## WORK TO BE COMPLETED
Please retype the data in full and exactly; the pictures are not part of the copy.

## RECORDS FOR PROCESSING
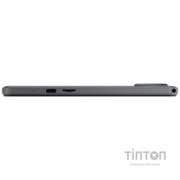 Планшет Doogee Tab A9 Pro 4/128GB Grey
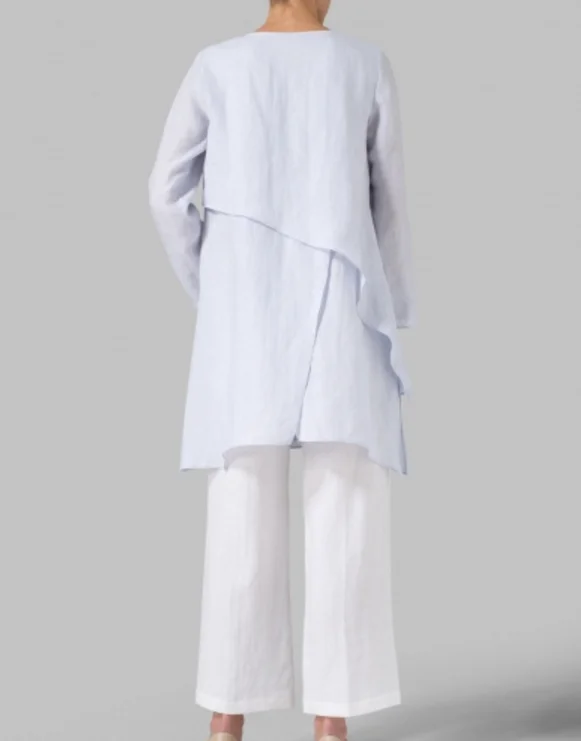 salon uniform (2).png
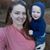Courtney Swords Meyer's profile image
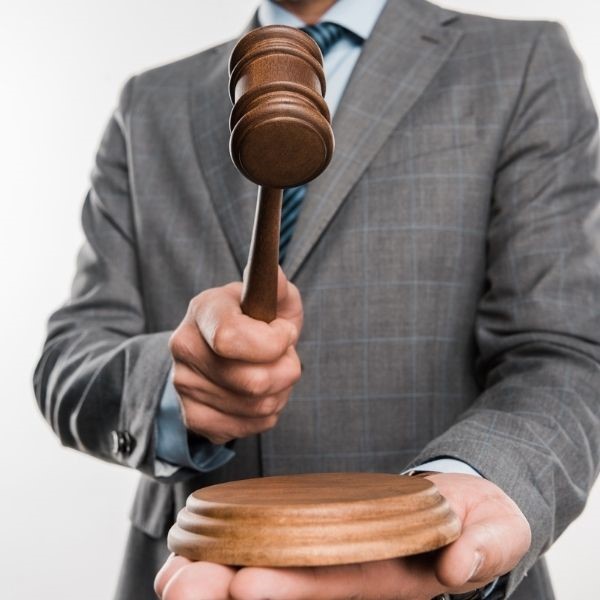 Seguro de Responsabilidade Civil Seguro de Responsabilidade Civil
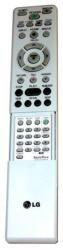 General LG AKB36160908 - kompatibilis General márkájú távirányító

## THE COMPLETED TASK
 Планшет Doogee Tab A9 Pro 4/128GB Grey
 salon uniform (2).png
Courtney Swords Meyer's profile image
 Seguro de Responsabilidade Civil Seguro de Responsabilidade Civil
 General LG AKB36160908 - kompatibilis General márkájú távirányító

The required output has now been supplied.